Titanic ONESHOT

26 2 0
                                    

Het is koud, donker en redelijk droog, ondanks de miljarden kubieke meters water om je heen. Je hoort een hard geluid, gekras. Alles om je heen beweegt, ook jij. Je valt bijna, maar houd je nog net vast. Er wordt geschreeuwd, maar je verstaat het niet. Na een paar seconden hoor je het geschreeuw niet meer, dus je denkt er niks van en gaat verder met waar je mee bezig was.

Je begint weer geluiden te horen. Deze keer houden ze niet op. Je pakt je jas, gaat je kamer uit en loopt op het geluid af. Zodra je de deur open doet schrik je. De gang is vol met mensen die op en neer rennen, met een angstige blik op hun gezicht. Je vraagt iemand wat er gebeurd, maar krijgt geen antwoord. Zij weten het ook niet. Je doet de deur achter je dicht en loopt naar de trap, je gaat zelf maar kijken wat er aan de hand is.

Overal waar je kijkt, zijn de mensen in paniek. Je hoort ze fluisteren, praten en schreeuwen door elkaar. Je ziet ze huilen en wit wegtrekken, maar je weet nog steeds niet waarom. Ineens voel je iets kouds tegen je enkels, je denkt er niks van en loopt door.

De hoek om en naar de trap. Je schrikt, trekt wit weg en je ogen springen bijna uit hun kassen. Water. Koud, doorzichtig, helderblauw water. Het druipt niet, nee, het stroomt. Met bakken komt het via de trap omlaag. Je wil omhoog klimmen, maar verliest je evenwicht en valt terug in het ijs en ijskoude water. Je probeert het nog een keer, deze keer ben je voorzichtiger. Je komt boven aan de trap, maar moet voorzichtig zijn, anders ga je weer onderuit en dan ben je nog verder weg van huis.

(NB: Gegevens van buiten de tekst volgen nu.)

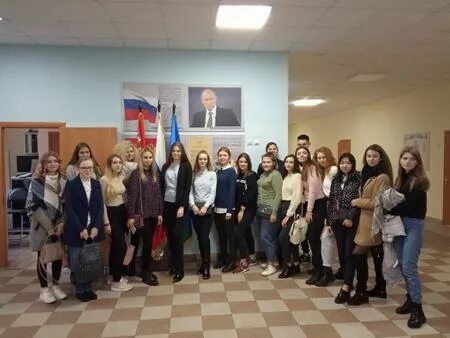 звенигородский финансово-экономический колледж выпуск 1990. звенигородский финансово-экономический колледж выпуск 1990г. звенигородский экономический колледж. звенигородский финансово-экономический колледж. звенигородский финансово экономический техникум общежитие.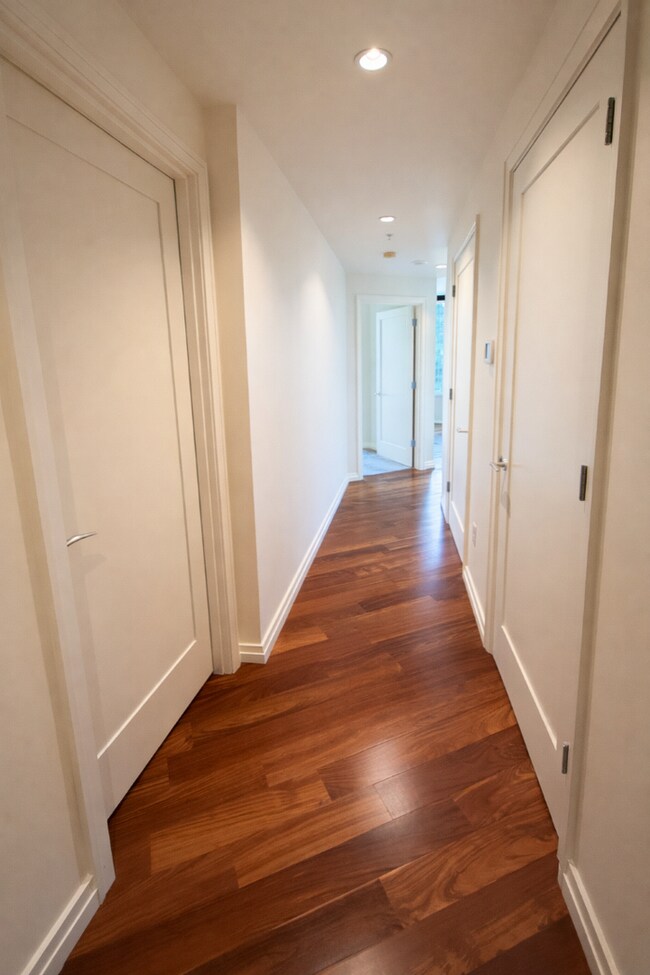 Building Photo - 1Bd/1.5Ba Bellevue Condo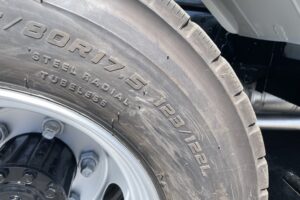 サムネイル: 平成24年　レンジャー４トンダンプ　荷台・下廻り塗装済み　検令和7年11月　フル装備　６MT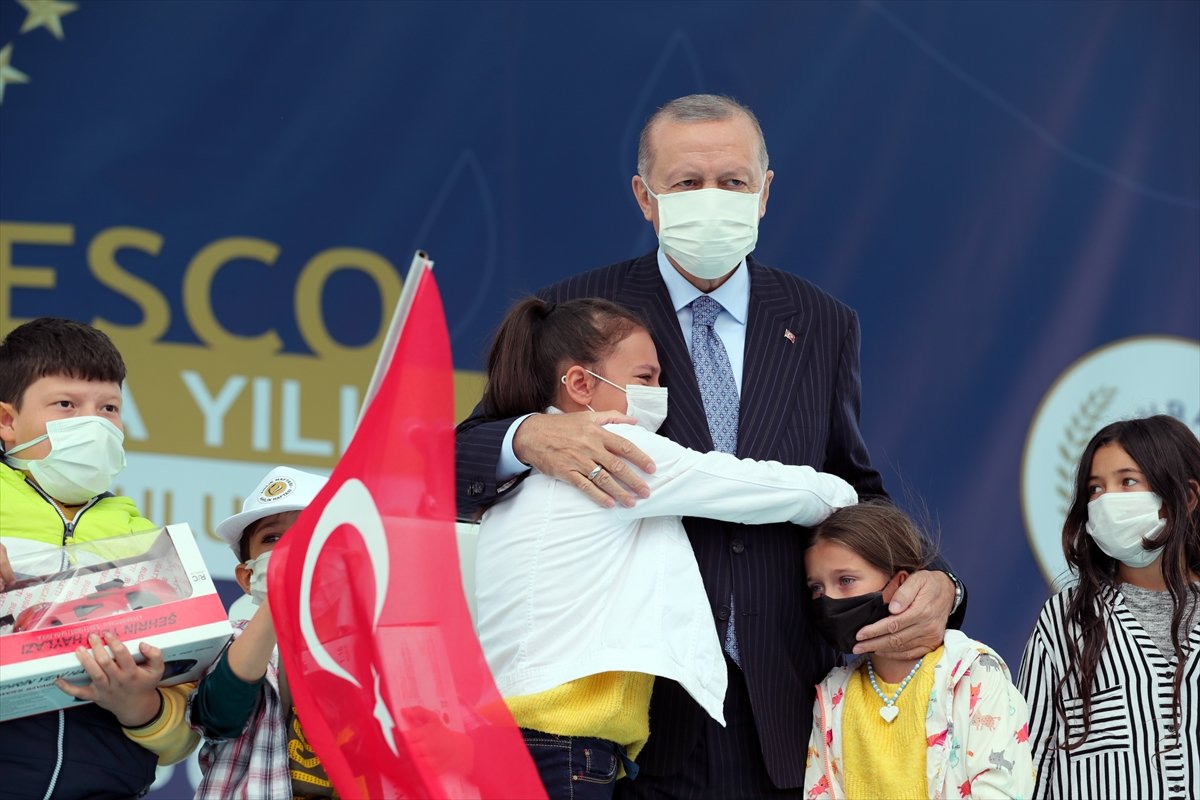 Kırşehir de Cumhurbaşkanı Erdoğan a çocuklardan yoğun ilgi #4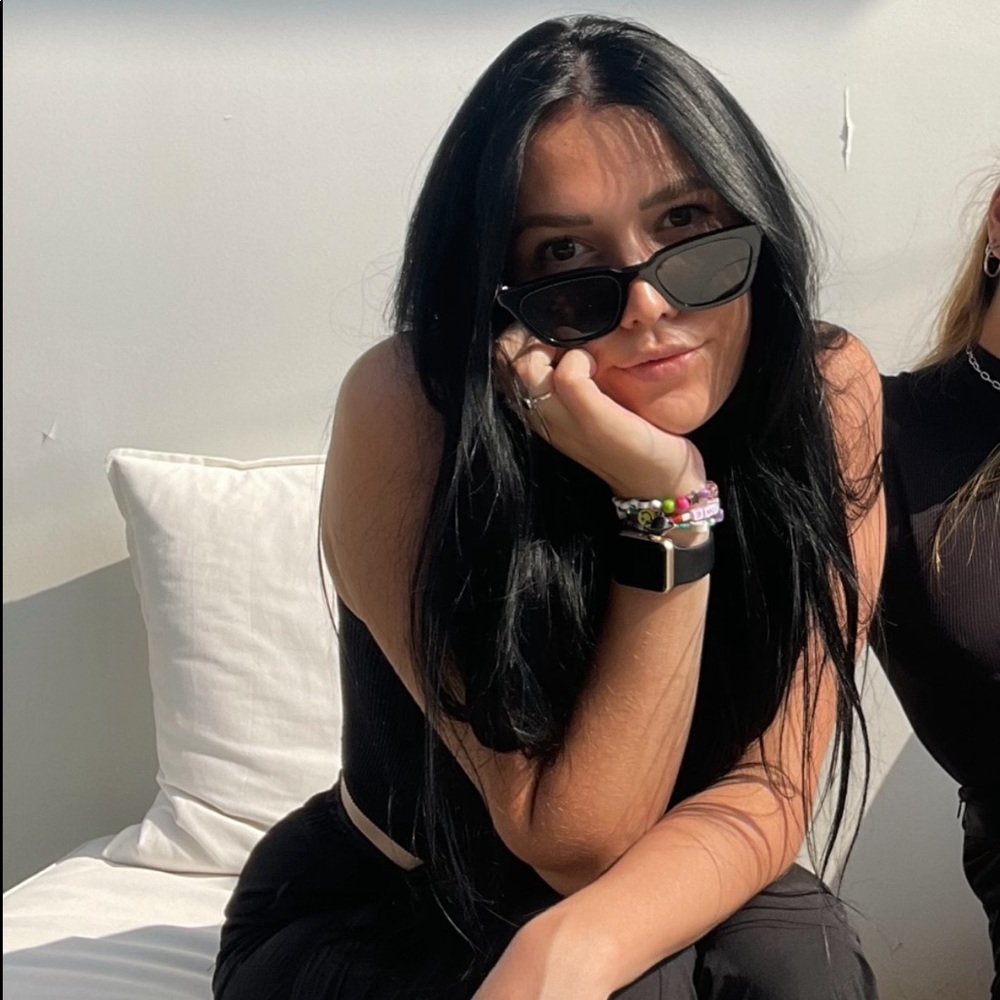 Meet your Posher, Juls!😊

Eindelijk je hebt je bestemming bereikt, denk je. Mensen, overal staan mensen. Je dringt naar voor. Het heeft geen nut. Je kan niet verder. Je duwt, je trekt, je gooit al je kracht in de strijd. Het heeft geen nut. De poort geeft niet mee. Je denkt na, is er een andere uitgang? Kan ik op een andere manier wegkomen? Wacht ik tot de poort geopend wordt? Je weet het niet en gaat terug naar je kamer. Of toch niet.

De trap stroomt nu over. Het ijskoude water begint een laagje te vormen in de gang waar je nu bent. Je blijft kijken naar het vullende trappengat. Het water komt tot je knieën. Je gaat terug naar de poort, hij moet nu toch wel open zijn? Nee. Nog steeds dicht.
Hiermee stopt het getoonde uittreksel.